This is the function:

def derivative(lst, var):  # Example of lst =  [1 + [3 * x]]
    if len(lst) == 1:       
        return derive_solver(lst[0], var)

    if lst[1] == '+':
        return [derivative(lst[0], var), '+', derivative(lst[2], var)]

    if lst[1]  == '*':
        return [[derivative(lst[0], var), '*', lst[2]], '+', [lst[0], '*', derivative(lst[2], var)]]

And this my attempt to multi-thread that function:

def derivative(lst, var):  # Example of lst =  [1 + [3 * x]]
    if len(lst) == 1:       
        return derive_solver(lst[0], var)

    if lst[1] == '+':
        t1 = threading.Thread(target = derivative,  args=(lst[0], var))
        t2 = threading.Thread(target = derivative,  args=(lst[2], var))
        return [t1.start(), '+', t2.start()]

    if lst[1]  == '*':
        t1 = threading.Thread(target = derivative,  args=(lst[0], var))
        t2 = threading.Thread(target = derivative,  args=(lst[2], var))
        return [[t1.start(), '*', lst[2]], '+', [lst[0], '*', t2.start()]] 

The problem is that t1.start() doesn't return values...

Have you any idea how to solve this using queue?

Thank you!

4

The problem is that t1.start() doesn't return values...

Of course not. t1 hasn't finished at this point. If start waited for the background thread to finish, there would be absolutely no reason to use threads in the first place.

You need to set things up so the background threads post their work somewhere and signal you that they're done, then wait until both threads have signaled you. A queue is one way to do that. So is a shared variable plus a Condition. Or, in this case, just a shared variable plus joining the thread. But I'll show one way to do it with a queue, since that's what you asked for:

def enthread(target, args):
    q = queue.Queue()
    def wrapper():
        q.put(target(*args))
    t = threading.Thread(target=wrapper)
    t.start()
    return q

q1 = enthread(target = derivative,  args=(lst[0], var))
q2 = enthread(target = derivative,  args=(lst[2], var))
return [q1.get(), '+', q2.get()]

What I did there is to create a queue, pass it into the target function for the background thread (which wraps the real target function), and have the background thread put its result on the queue. Then, the main thread can just wait on the queue.

Note that this isn't joining each thread, which can be a problem. But hopefully you can see how to expand on the code to make it more robust.

Also note that we're explicitly waiting for thread 1 to finish before checking on thread 2. In a situation where you can't do anything until you have all the results anyway, that's fine. But in many applications, you'll want a single queue, so you can to pick up the results as they come in (tagging the values in some way if you need to be able to reconstruct the original order).

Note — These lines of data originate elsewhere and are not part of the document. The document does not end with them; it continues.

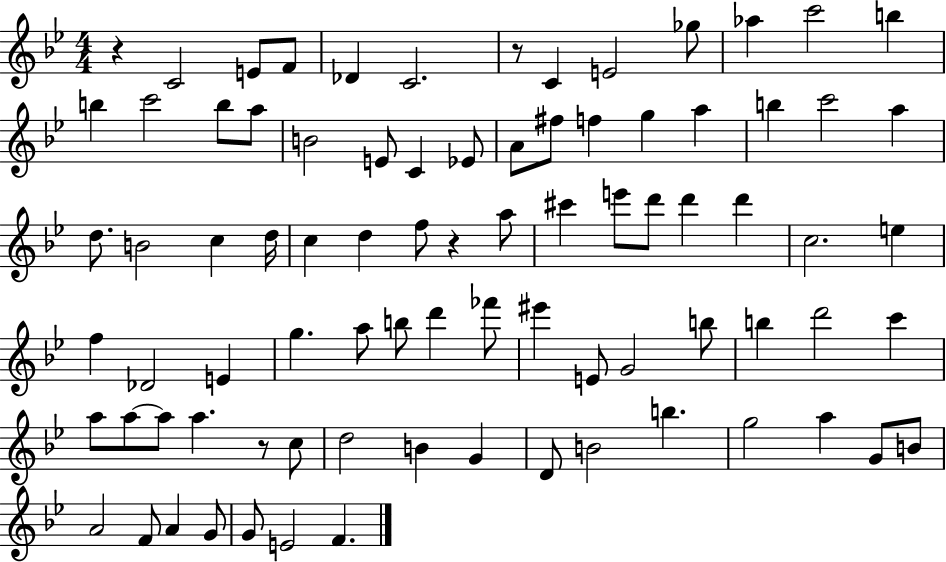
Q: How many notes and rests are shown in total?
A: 83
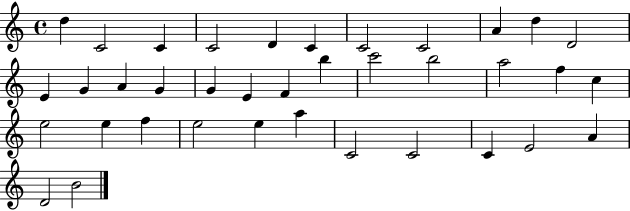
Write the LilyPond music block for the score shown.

{
  \clef treble
  \time 4/4
  \defaultTimeSignature
  \key c \major
  d''4 c'2 c'4 | c'2 d'4 c'4 | c'2 c'2 | a'4 d''4 d'2 | \break e'4 g'4 a'4 g'4 | g'4 e'4 f'4 b''4 | c'''2 b''2 | a''2 f''4 c''4 | \break e''2 e''4 f''4 | e''2 e''4 a''4 | c'2 c'2 | c'4 e'2 a'4 | \break d'2 b'2 | \bar "|."
}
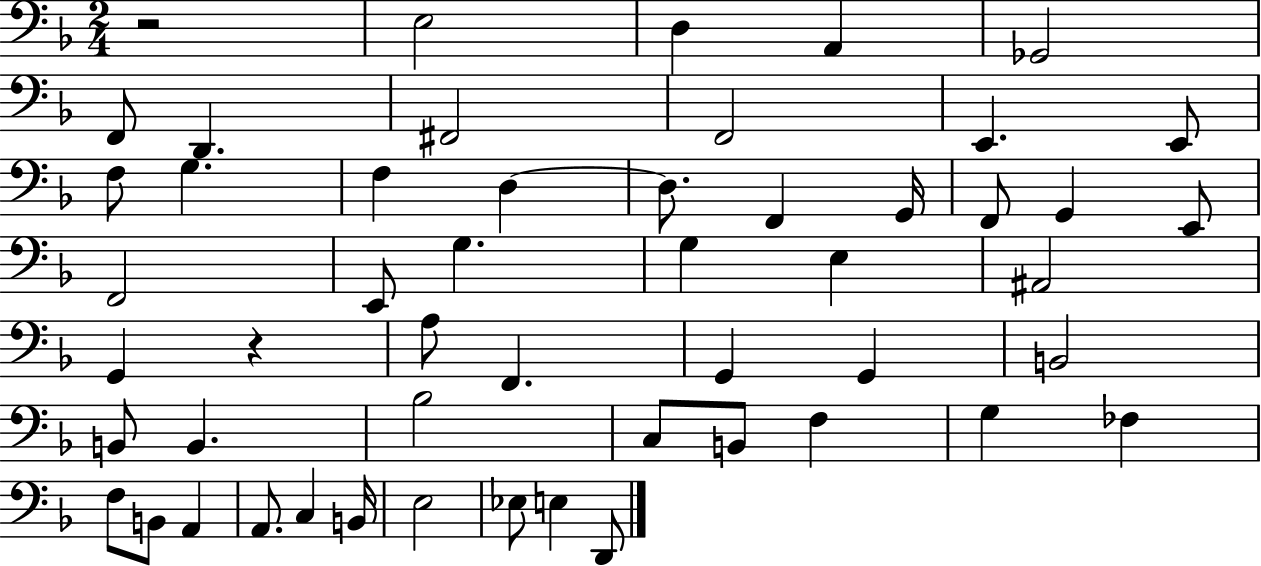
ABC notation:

X:1
T:Untitled
M:2/4
L:1/4
K:F
z2 E,2 D, A,, _G,,2 F,,/2 D,, ^F,,2 F,,2 E,, E,,/2 F,/2 G, F, D, D,/2 F,, G,,/4 F,,/2 G,, E,,/2 F,,2 E,,/2 G, G, E, ^A,,2 G,, z A,/2 F,, G,, G,, B,,2 B,,/2 B,, _B,2 C,/2 B,,/2 F, G, _F, F,/2 B,,/2 A,, A,,/2 C, B,,/4 E,2 _E,/2 E, D,,/2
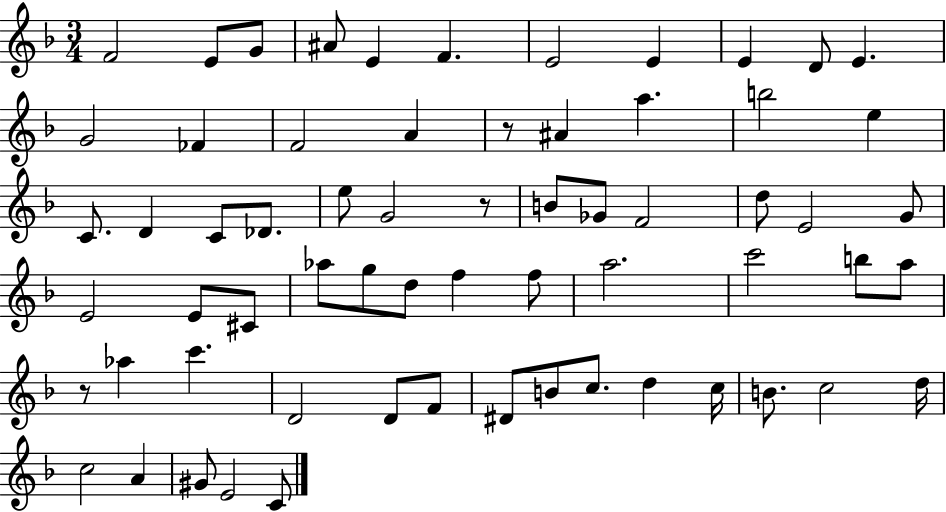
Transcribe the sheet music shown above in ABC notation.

X:1
T:Untitled
M:3/4
L:1/4
K:F
F2 E/2 G/2 ^A/2 E F E2 E E D/2 E G2 _F F2 A z/2 ^A a b2 e C/2 D C/2 _D/2 e/2 G2 z/2 B/2 _G/2 F2 d/2 E2 G/2 E2 E/2 ^C/2 _a/2 g/2 d/2 f f/2 a2 c'2 b/2 a/2 z/2 _a c' D2 D/2 F/2 ^D/2 B/2 c/2 d c/4 B/2 c2 d/4 c2 A ^G/2 E2 C/2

A much better solution is to use a higher-level abstraction, like a thread pool or a future (or an executor, which combines both abstractions into one). But it's worth understanding how these pieces work first, then learning how to do things the easy way. So, once you understand why this works, go read the docs on concurrent.futures.


Finally, assuming you're using CPython or another GIL-based implementation—which you probably are—and that derive_solver function isn't a C extension function explicitly designed to do most of its work without the GIL, this isn't going to be a good idea in the first place. Threads are great when you need concurrency without parallelism (because your code is simpler that way, or because it's I/O bound), but when you're actually trying to benefit from multiple cores, they aren't the answer, because only one thread can run the interpreter at the time. Use multiprocessing (or just concurrent.futures.ProcessPoolExecutor instead of concurrent.futures.ThreadPoolExecutor) if you need parallelism.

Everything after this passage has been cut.